What the task asks: Return the lines of the listing below exactly as they appear, beginning at the one with "Coscinodiscophycidae" and stopping after the one with "Mammoth Cave National"; do not include pictures.

Information shown:
▬▬▬

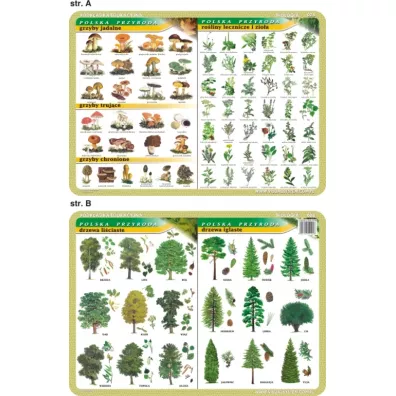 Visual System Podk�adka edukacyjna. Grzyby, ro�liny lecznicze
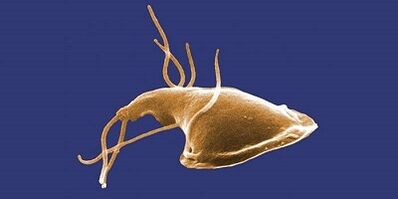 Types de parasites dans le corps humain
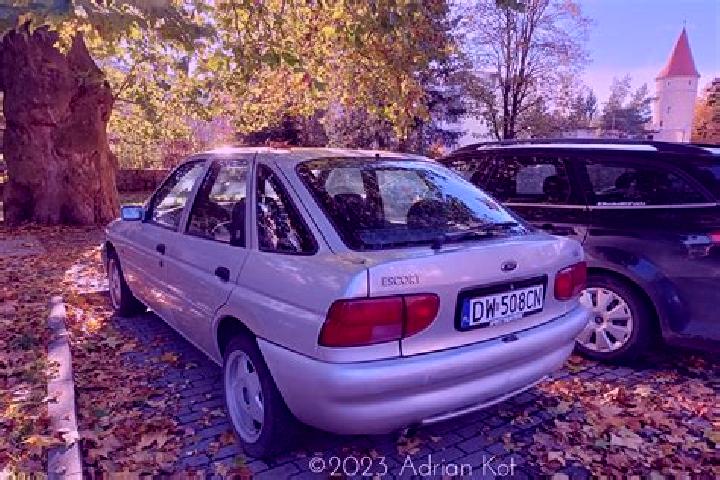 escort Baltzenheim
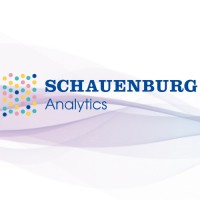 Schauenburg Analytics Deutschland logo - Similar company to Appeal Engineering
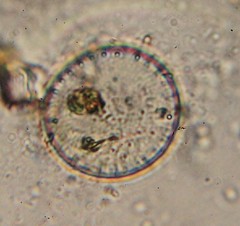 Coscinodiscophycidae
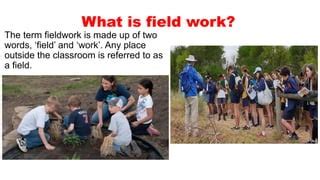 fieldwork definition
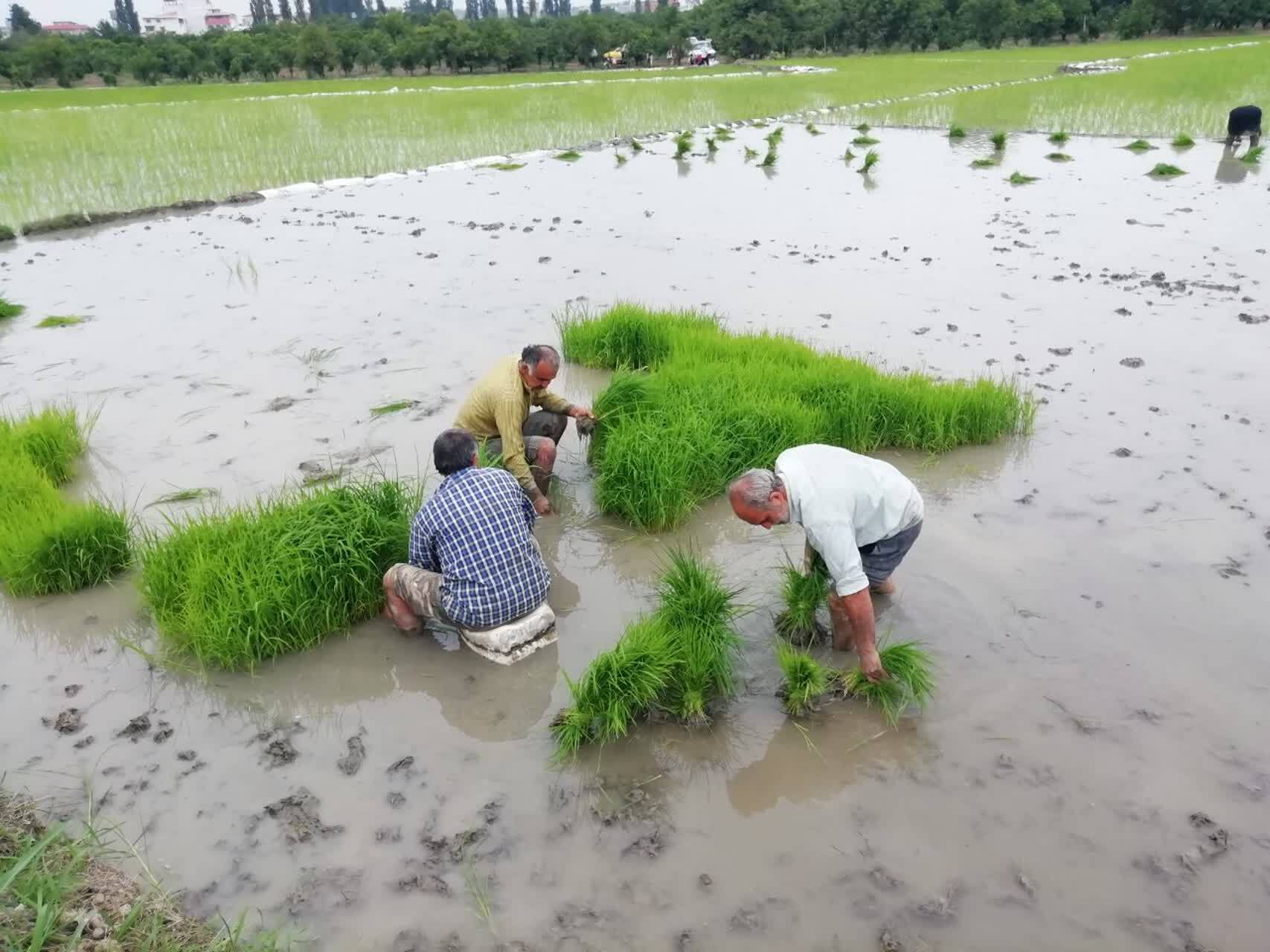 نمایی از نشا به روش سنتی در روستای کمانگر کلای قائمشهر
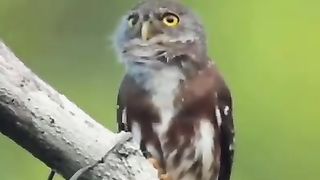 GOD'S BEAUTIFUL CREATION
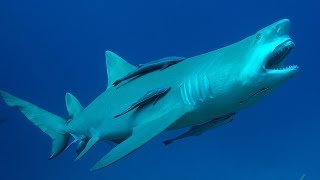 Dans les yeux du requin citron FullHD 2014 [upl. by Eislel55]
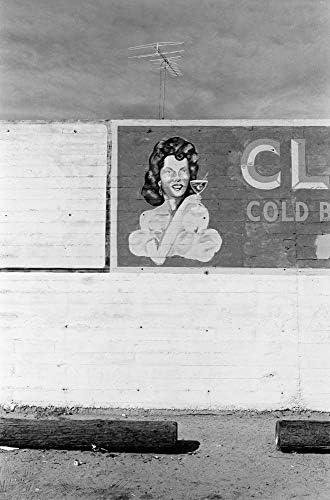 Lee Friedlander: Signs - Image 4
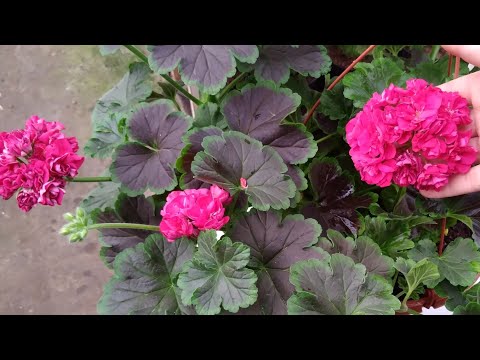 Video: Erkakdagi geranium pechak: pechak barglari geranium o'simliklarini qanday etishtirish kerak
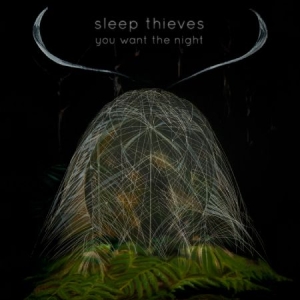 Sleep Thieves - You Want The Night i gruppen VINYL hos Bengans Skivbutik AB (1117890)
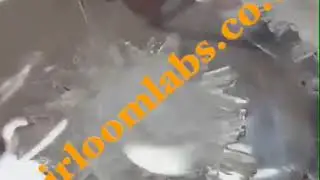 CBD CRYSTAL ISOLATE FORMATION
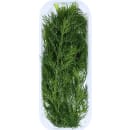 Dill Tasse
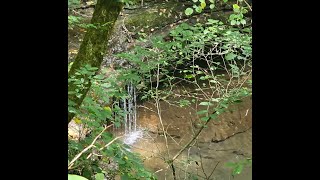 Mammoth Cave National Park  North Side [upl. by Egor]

▬▬▬

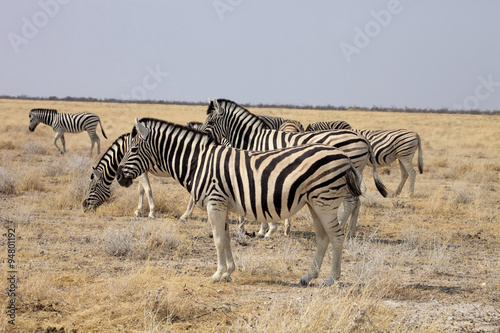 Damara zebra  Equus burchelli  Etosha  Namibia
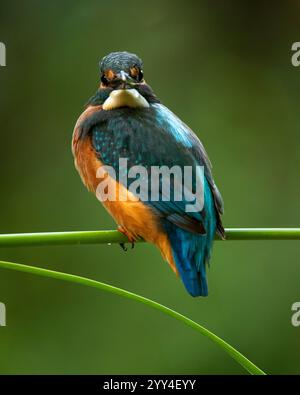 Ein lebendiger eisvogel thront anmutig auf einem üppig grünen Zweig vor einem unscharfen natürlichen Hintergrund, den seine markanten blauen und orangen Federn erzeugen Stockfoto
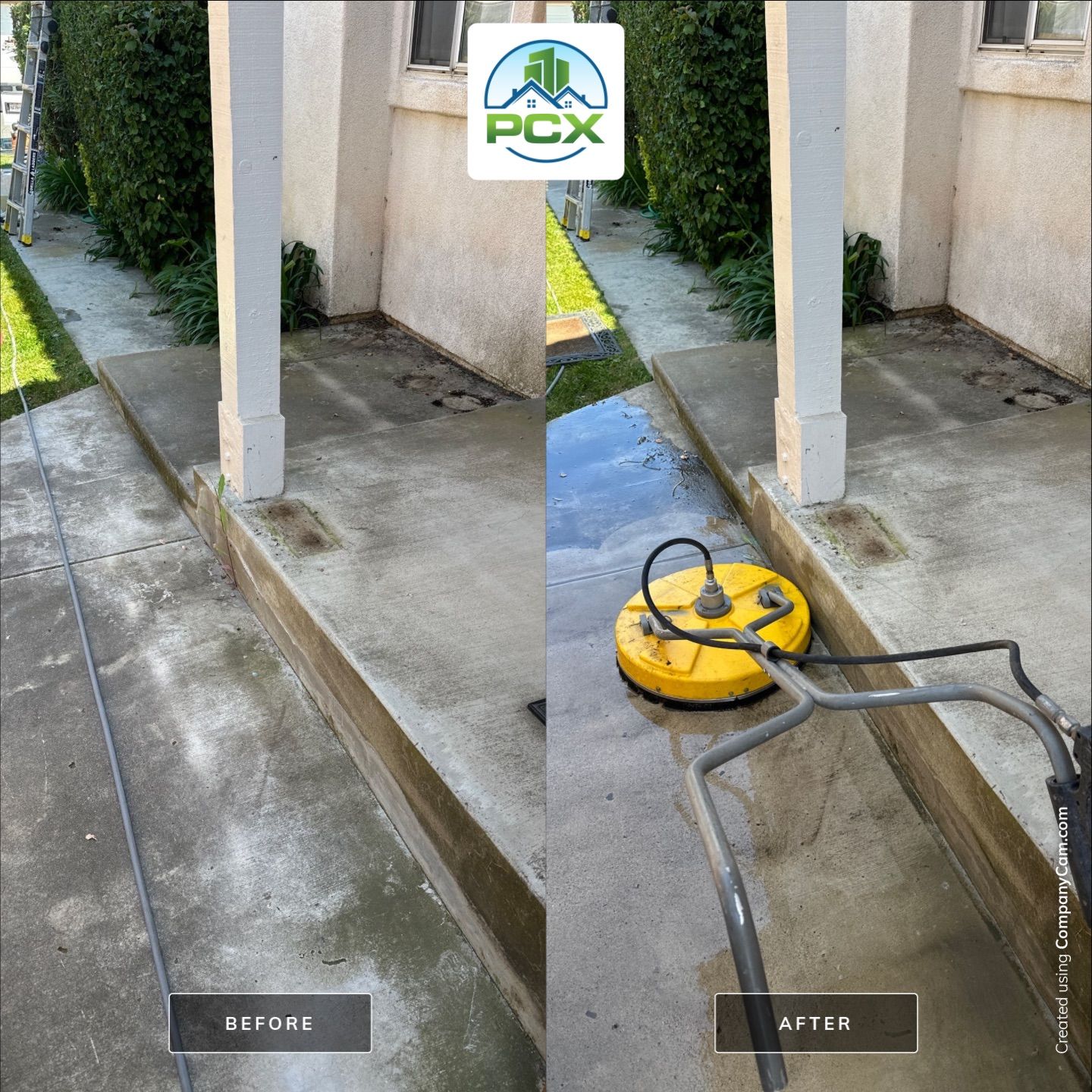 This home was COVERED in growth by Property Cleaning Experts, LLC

▬▬▬

The answer:
 Coscinodiscophycidae
 fieldwork definition
 نمایی از نشا به روش سنتی در روستای کمانگر کلای قائمشهر
 GOD'S BEAUTIFUL CREATION
 Dans les yeux du requin citron FullHD 2014 [upl. by Eislel55]
 Lee Friedlander: Signs - Image 4
 Video: Erkakdagi geranium pechak: pechak barglari geranium o'simliklarini qanday etishtirish kerak
 Sleep Thieves - You Want The Night i gruppen VINYL hos Bengans Skivbutik AB (1117890)
 CBD CRYSTAL ISOLATE FORMATION
 Dill Tasse
 Mammoth Cave National Park  North Side [upl. by Egor]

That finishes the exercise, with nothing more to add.